Draft of feat: allow "negative" text queries #19

ramayer · 2021-09-28T08:06:42Z

This is a draft of a patch for something similar to issue #18 -- but it was not implemented exactly according to the requirements described in that issue.

Instead of a single string containing both the positive and negative clauses, I think it would be cleaner if the additive and subtractive phrases used separate command line parameters, like:

rclip zebra --minus="black and white" --plus="red and blue"

More details are mentioned in a comment under #18 .

If you think this is a good direction, I could clean it up more (add examples to docs; and remove a no-longer-used method) and re-submit it.

yurijmikhalevich · 2021-09-28T16:33:33Z

Thank you! I like your suggestion, responded in the GHI: #18 (comment)

rclip/utils.py

rclip/model.py

rclip/main.py

ramayer · 2021-09-29T03:14:36Z

I updated the branch and rebased them to a single commit.

I think I incorporated most of the feedback, but pycodestyle was pretty picky about long lines, so a couple of the lines are wrapped uncomfortably. Let me know if there's more cleanup needed.

rclip/model.py

rclip/utils.py

rclip/model.py

yurijmikhalevich · 2021-09-29T08:54:17Z

Looks great! Thank you 😄 Can you please address a few nits, change "phrase" to "query" we will ship.

yurijmikhalevich · 2021-09-29T09:13:26Z

Do you have the time to add some tests?
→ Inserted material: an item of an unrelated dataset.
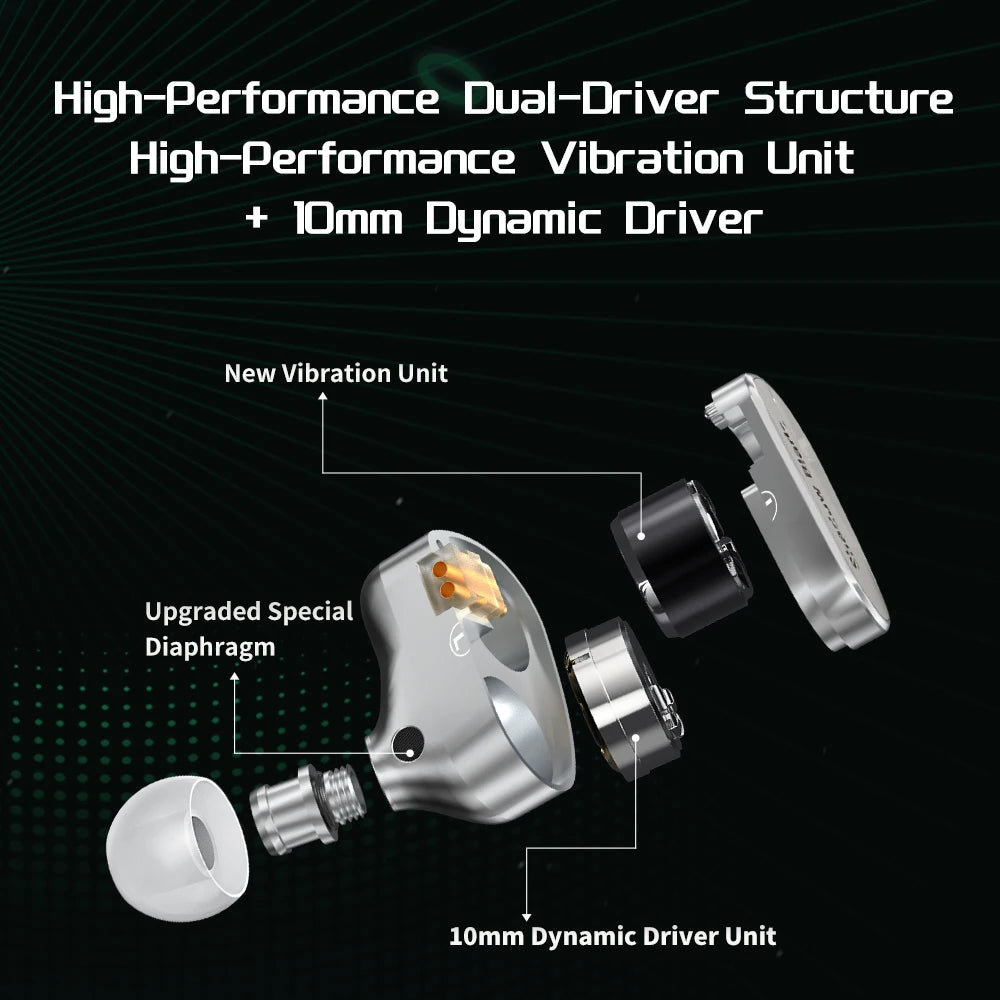 CVJ Shadow Blade HIFI Wired in-ear Earphones Dynamic Driver + Vibration Unit Vibration Music Gaming IEM with HD MIC Tuning Tubes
It will be great to have one that checks that we don't break the search when introducing changes like this one. It will make sense to PR this test separately.
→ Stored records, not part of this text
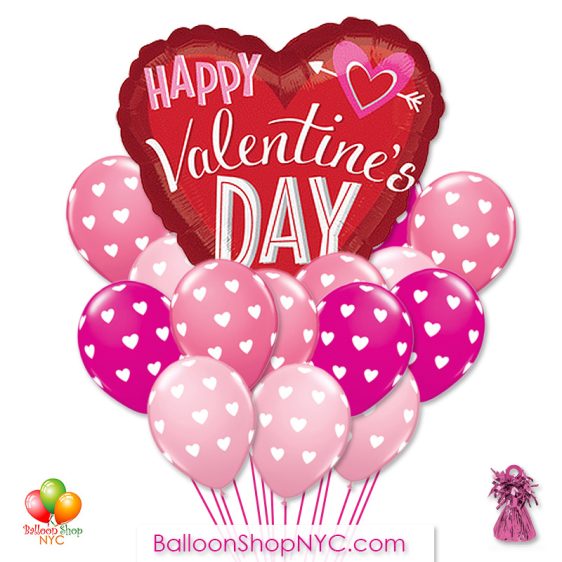Big Hearts Arrow Pink Rose Latex Balloons Bouquet Delivery in New York from Balloon Shop NYC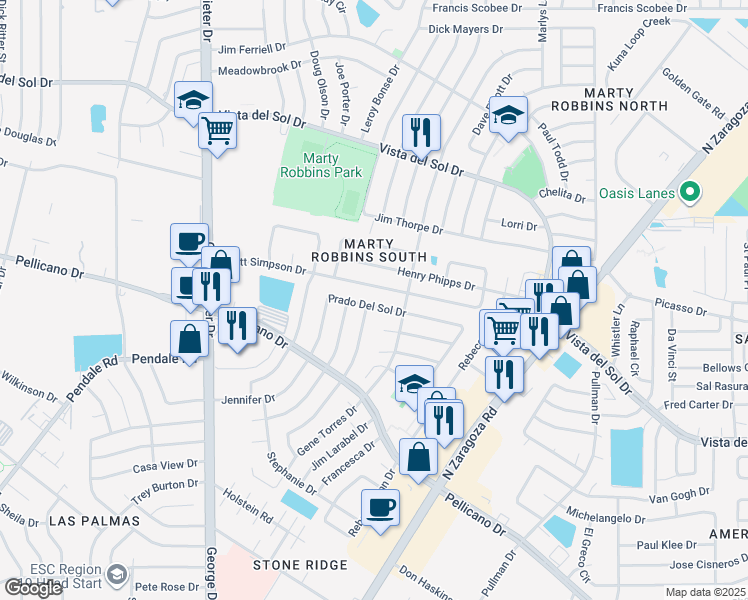 map of restaurants, bars, coffee shops, grocery stores, and more near 11753 Prado Del Sol Drive in El Paso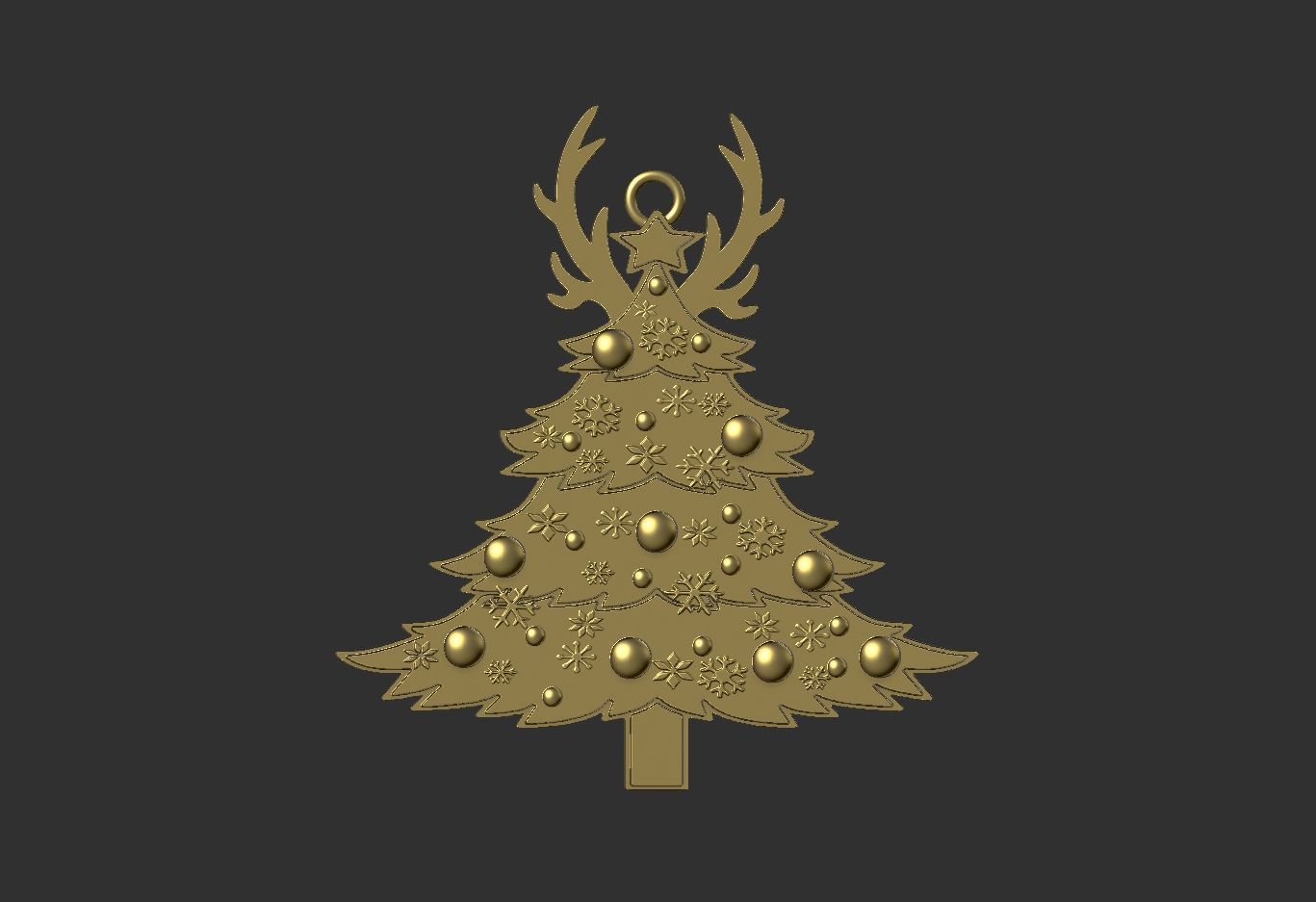christmas tree ornament 3D print model_8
ramayer · 2021-09-30T05:22:29Z

I'd be happy to add some tests if there was a template/framework for me to add to --- even if the initial template is just the equivalent of assert(1>0). If there already is such a framework in the project, sorry I didn't notice it. Googling it seems there are enough different ways of adding tests to python packages I'm not sure which you'd prefer. Also not sure if you'd want to add test images to the project; or download them from somewhere at test time.

I think I incorporated the recent feedback in the pull request; but I do agree with the idea of adding tests first before merging.
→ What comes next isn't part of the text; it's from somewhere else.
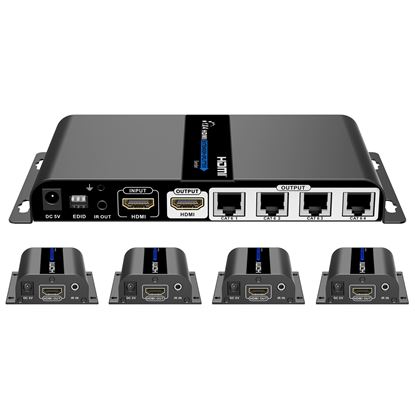 Picture of LENKENG 1-In-4-Out 1080P HDMI Extender. 1x HDMI in, 1x HDMI out,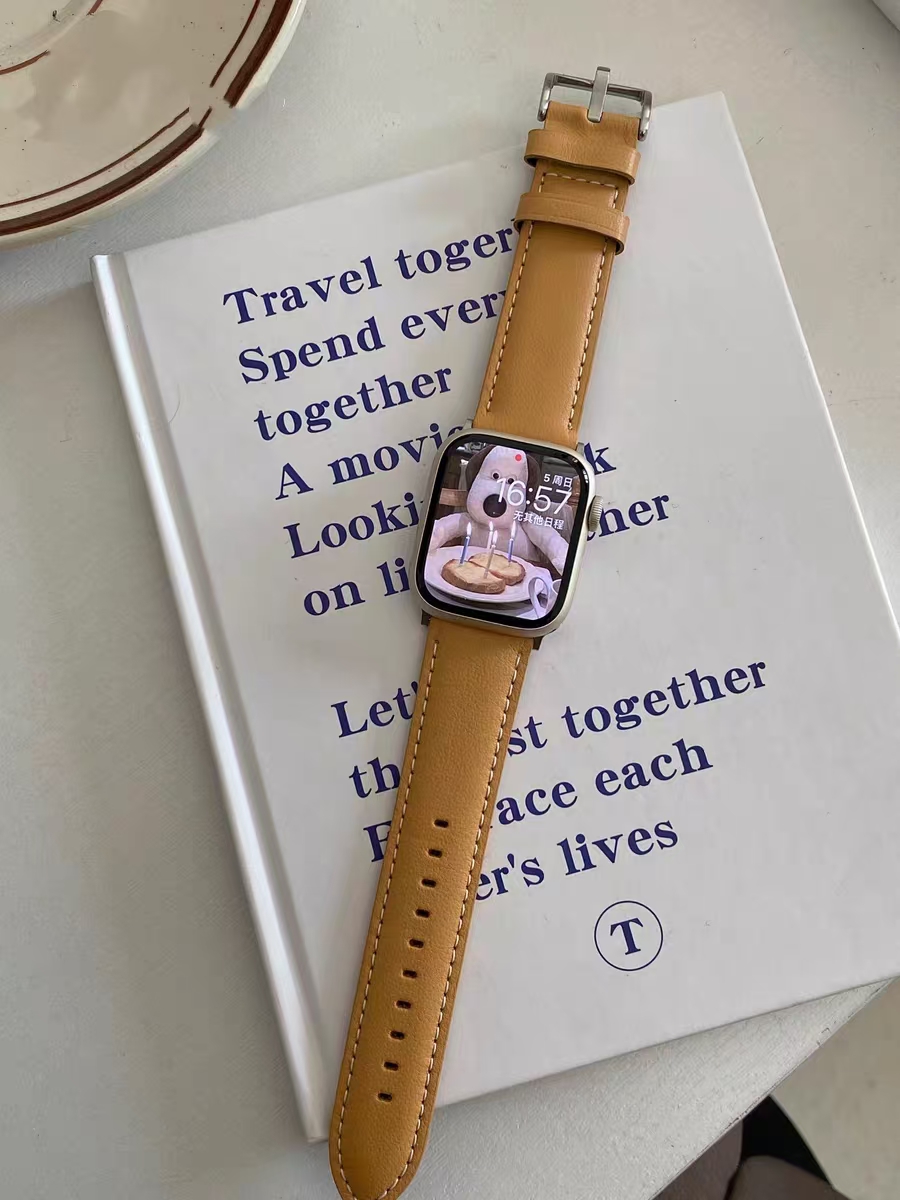 Läderband till apple watch-bandet series ultra 10/9/8/7/6/5/4/3/2/1 se 38mm 40mm 41mm 42mm 44mm 45mm 46mm 49mm rem: Brun / 15mm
yurijmikhalevich · 2021-09-30T11:08:37Z

@ramayer, OK, let's leave tests aside for now. I'll take a look at them when I have time. It makes sense for me to store a dozen test images in git repo; just let's make sure that they are not heavy.

rclip/main.py

rclip/model.py

yurijmikhalevich · 2021-09-30T11:25:17Z

Thank you! A few more comments regarding the computation of the features.

ramayer · 2021-10-01T02:40:00Z

I agree with all your suggestions, and thanks for teaching me better numpy tricks. Too busy with work to get to them today; but I should have a cleaner pull request on the weekend.

ramayer · 2021-10-01T03:10:15Z

It makes sense for me to store a dozen test images in git repo; just let's make sure that they are not heavy.

Clip's preprocess tranform seems to scale everything to 244x244 (at least at the settings rclip uses), it seems it should work with pretty light test images ....

..... but hmm..... that means CLIP is missing small details from high resolution pictures.... which makes me want to consider another possible feature request. Maybe I want to index multiple different CLIP vectors from different crops of my larger pictures......

yurijmikhalevich · 2021-10-01T05:44:19Z

Too busy with work to get to them today; but I should have a cleaner pull request on the weekend.

Sure. No rush. Thank you for doing this! :-)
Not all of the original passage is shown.